As she tossed and turned, she whimpered, her congested chest and sinuses making lying down in any position uncomfortable. Then she tugged at her ears and said, “Mommy, ears… ears, Mommy…” It was obvious that she was in pain. Maybe the congestion was taking its toll on her sinuses so much so that it was putting pressure on her ears. It might have not been related to her sickness at all. She is, we think, also cutting here two-year molars, just adding insult to injury. Whatever the cause, she was suffering. In the grand scheme of things, this is no big deal. All babies fall ill sometimes, and they all cut teeth. But it was the reaction of her innocence that broke me down to sadness and even anger if I am honest.
“Uh-oh, Mommy… Uh-oh, Daddy…” As she tugged on her ears, she kept expressing her feelings with the phrase, “Uh-oh.” Think about the word choice. She knows “ouch,” and she also knows how to express pain by simply crying. Instead of choosing to say, “Ouch, Mommy… Ouch, Daddy,” instead of simply crying, she chose to say, “Uh-oh.” In other words, “This pain I feel is not natural. It is a mistake. Something is simply wrong with this situation.” I am not being overly sensitive here. I know my daughter, and I believe at the depths of my being, this is what she was communicating. As I said, in the light of all the real suffering in the world, this was nothing: A little Tylenol, and presto! She feels better. But the simple fact that she hurt isn’t the rub here; is it?
As elementary a level as it might have been, my daughter came to recognize and express the human condition in her little, heart-felt, “Uh-oh.” She knew that the pain she was feeling was not right. It did not have to be so. What breaks my heart all the more is that, while she recognizes it does not have to be so, she does not know why it is now the case that it is so. While she feels it in her being, she still, in some years to be, has to come to know our fall, a reality I do not want her to come to know. She has to learn of her exile from Eden. My heart melted in the knowledge that this is just the beginning of my daughter coming to know that all is not right in the present reality, and anger even filled my heart as I realized that sin is so pervasive that it will not leave her alone with a cold and tooth ache.

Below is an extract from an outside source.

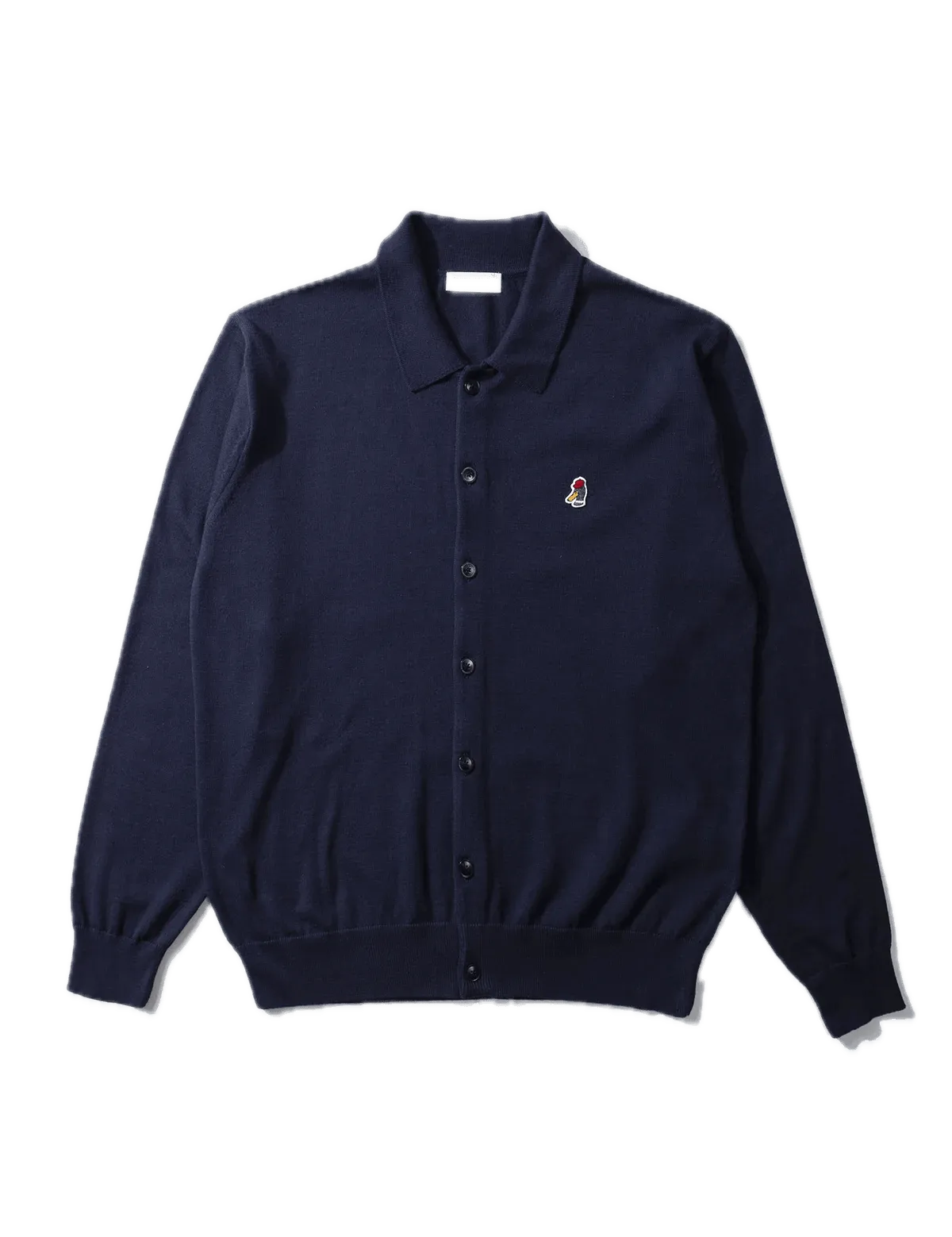 Chaqueta College Plain Navy - ECRU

It took some time of real grief and anguish, but oh the joy that continues to fill my heart when I realize she will also hear the good news of Jesus Christ and His love for her. No one can take that away. The cruciform heart that led Christ to the cross, which is the same heart at the core of the Father and the Spirit as well, loves Audrey in her brokenness, like this heart loves every child born into this broken world, and one day, when she chooses Him for her Lord, her little “uh-ohs,” will become, “halleluiahs.”
I know this: As my heart melted in my chest from Audrey’s little “uh-ohs,” God’s heart melted as well. I am a father, but He is the Father. The goodness dimly reflected in my love, shines forth from Him at every moment. What my fatherly love draws to the surface of my broken heart is already at the core of His. In her little cries, I am sanctified, becoming more and more like my heavenly Father. My selfish heart fades away, as all my concern and love is lavished upon Audrey. God hears our cries, but He need not be moved to tears to be pulled from selfishness into outwardly focused love. This is just Who He is, and it is who He is making me in the most unexpected ways.
I can only hope that my heart would continue to bleed in love for the hurting children of the world, the hurting children in all of us. It is in the furnace of this love, the love afforded to us by His grace, that we are purified. As much as it hurt, I am glad that I was not too obtuse to hear the depths of her little “uh-oh.” It was not merely a recognition of pain, but of hurt on a deeper level, a recognition that not all is right. I can hardly wait for the day that I share with her the love that calls her out of this reality into His great adoption.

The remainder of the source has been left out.